VOL. 24. NO.4 OCTOBER 21, 2003
Photo by Scott Quintard UCLA Photo
Space scientist Andrea Ghez and her team are tracking the orbits of stars at the galactic center around the supermassive black hole.

95th faculty research lecture

Discoverer of black hole

BY WENDY SODERBURG
UCLA Today Staff

Last August, millions of people all over the world flocked to observatories, deserts and mountaintops, hoping to see Mars make its closest pass to Earth since the Pleistocene era, nearly 60,000 years ago.

At the 95th Faculty Research Lecture on Oct. 30, the campus community will have another unique opportunity to learn about space, and the subject this time is even grander: the existence of a supermassive black hole in the middle of our galaxy. The speaker will be the renowned scientist whose observations led to the discovery of the black hole in 1998: Physics and Astronomy Professor Andrea Ghez.

During “Unveiling a Black Hole at the Center of the Milky Way,” the audience will be treated to Ghez’s firsthand account of this fascinating discovery. “I’ll talk about how we learned it was there, what we know about it and what we can learn by analogy about other galaxies,” the space scientist said.

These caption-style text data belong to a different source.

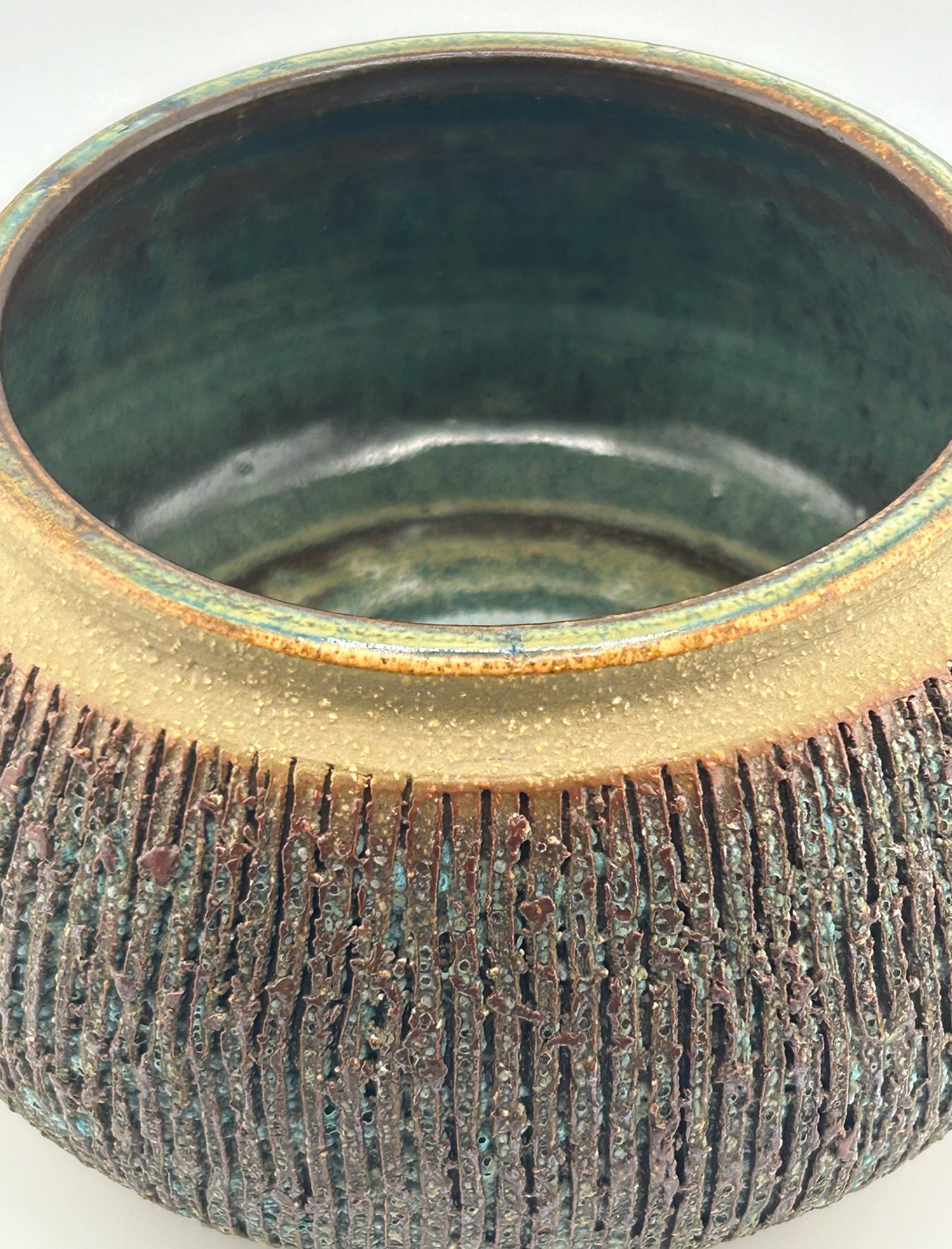 Soholm Denmark Ceramic Bowl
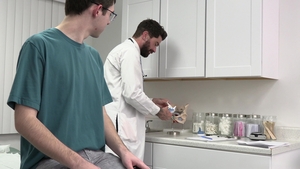 DoctorTapes: In the Heat of the Moment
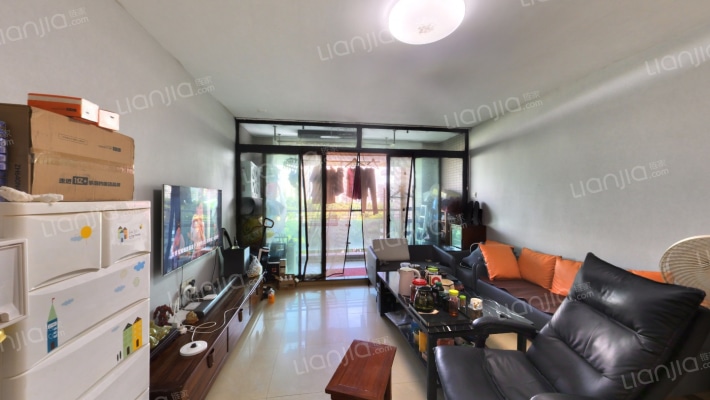 金地海景翠堤湾二手房实景图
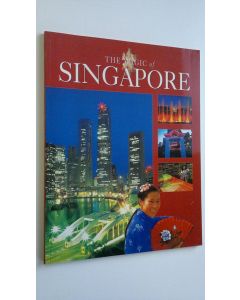 Kirjailijan Chew Yen Fook käytetty kirja The magic of Singapore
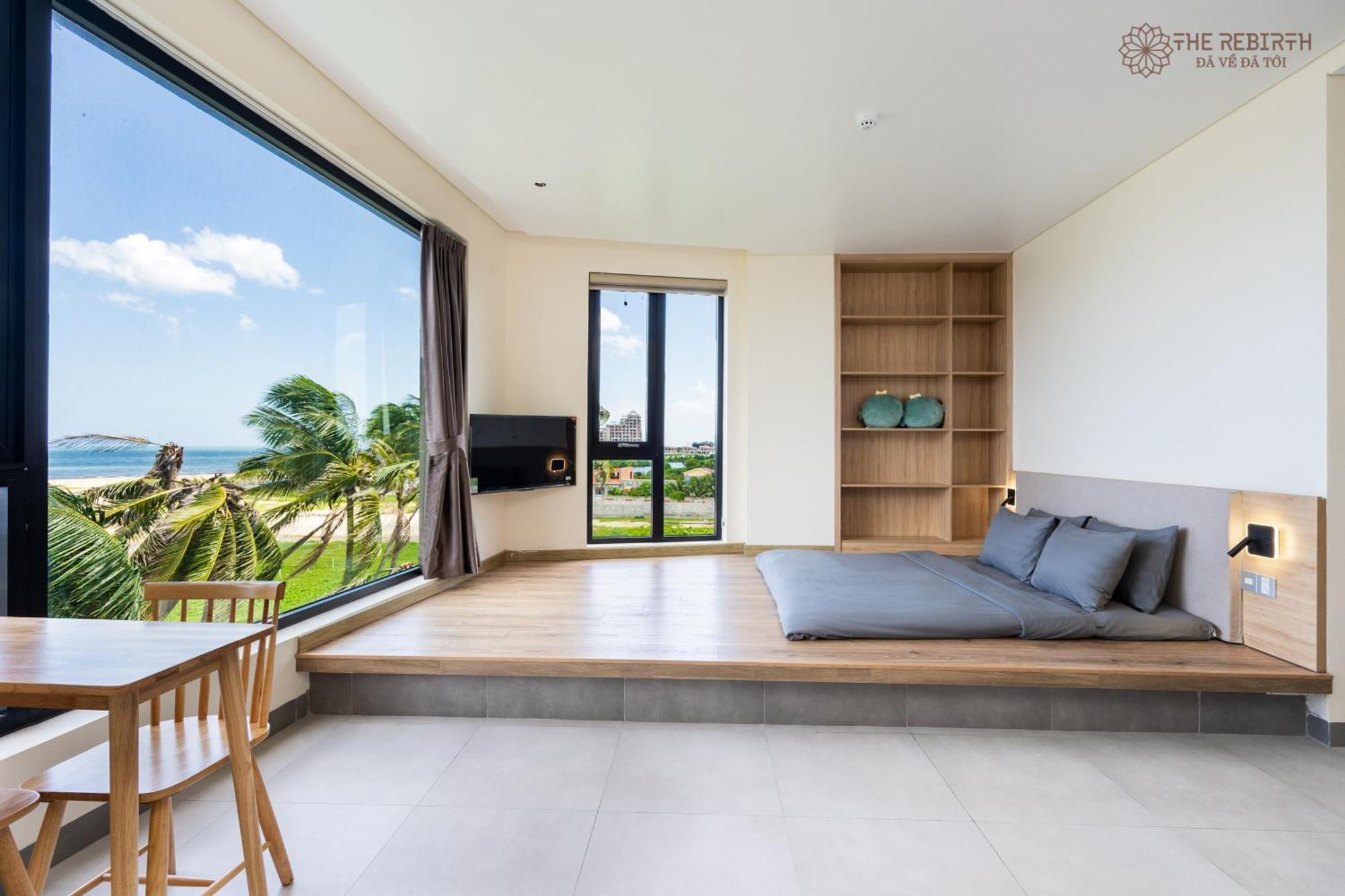 The Rebirth Apartment Binh Chau Ho Tram Ba Ria Exteriér fotografie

The winner of several awards and honors — including the Newton Lacy Pierce Prize of the American Astronomical Society and the Maria Goeppert-Mayer Award of the American Physical Society — Ghez initially had no idea what she wanted to do as an undergraduate at MIT.

“I was good at science and enjoyed it, but I probably changed my major as often as I changed my socks during my second year in school,” she said. It was her research experience with astrophysicist Hale Bradt that exposed her to telescopes, and Ghez loved it. “You get to go to the mountain and stay up all night in all sorts of neat parts of the world,” she said. “I was really sold after that experience.”

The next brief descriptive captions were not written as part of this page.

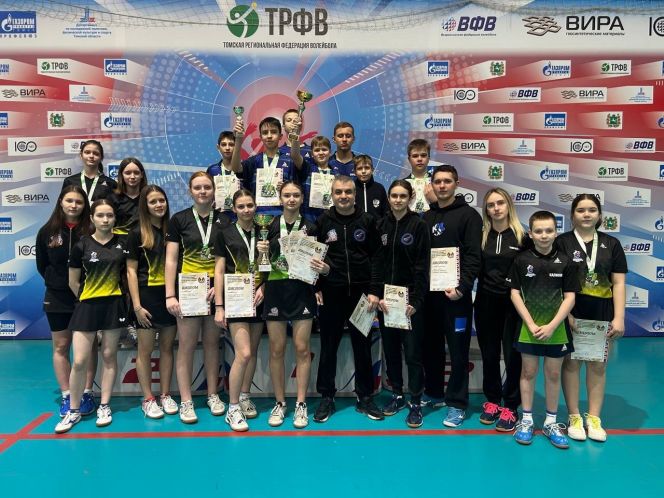 Семь медалей, три путевки. Итоги выступления команды региона на первенстве Сибири (U16)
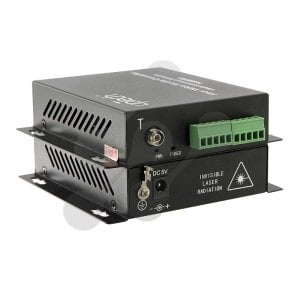 4 x Simplex Contact Closure to Fiber Optic KX1064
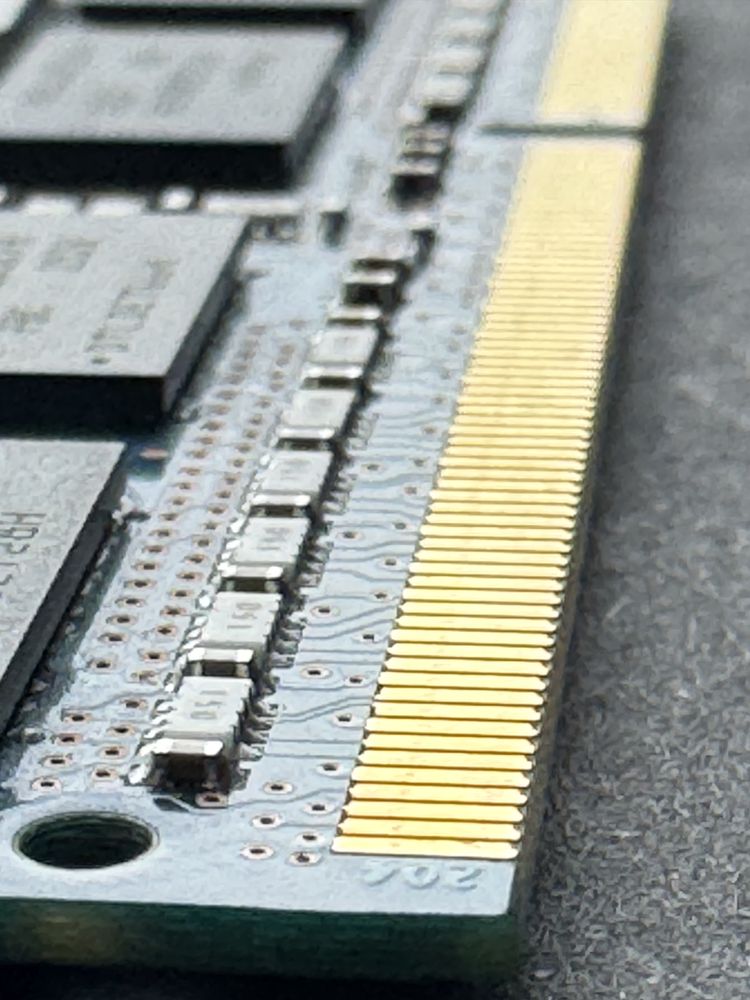 Пам’ять Hynix DDR3-SODIMM 4GB/1600MHz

Ghez received a B.S. from MIT in 1987 and a Ph.D. from Caltech in 1992, both in physics. A Hubble postdoctoral fellowship then took her to the University of Arizona. She came to UCLA in 1994 — “the place to be for infrared astronomy” — to gain access to the Keck I telescope atop the dormant Mauna Kea volcano in Hawaii. It was by using Keck, co-owned by UC and Caltech, that Ghez was able to make her extraordinary discovery of the black hole.

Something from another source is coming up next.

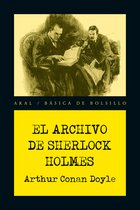 Básica de Bolsillo 363 - El archivo de Sherlock Holmes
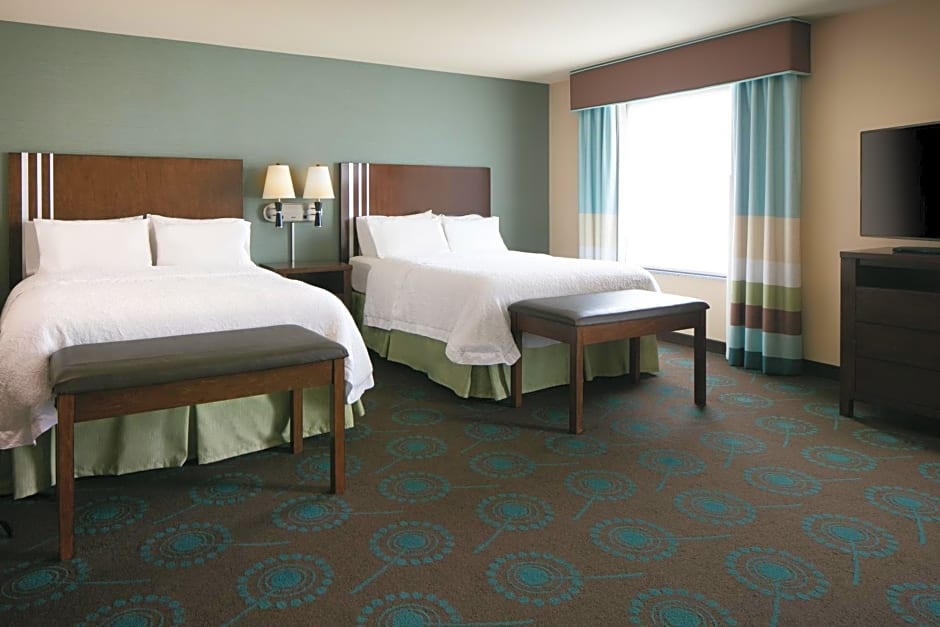 Hampton Inn and Suites - Lincoln Northeast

Besides conducting research, teaching classes and serving as an adviser to undergraduates, graduate students and postdocs, Ghez finds time to spend with her husband, Tom Latourrette, and their 2-year-old son, Evan. “Having a child really forces you to focus your efforts, so you get very efficient with your time,” she said, laughing. But it hasn’t caused her to slow down at all.

“Keck is 10 years old now, so we’re thinking about building the next generation of telescopes,” Ghez said. “It’s easy to make discoveries if you have the greatest instrument possible. Telescopes usually take around 15 years to go from conception to fruition, so it’s about time.”

The 95th Faculty Research Lecture, which is open to all and is part of a tradition that honors outstanding scholars and researchers at UCLA, will take place Oct. 30 from 3 p.m.-4:30 p.m. in Schoenberg Hall.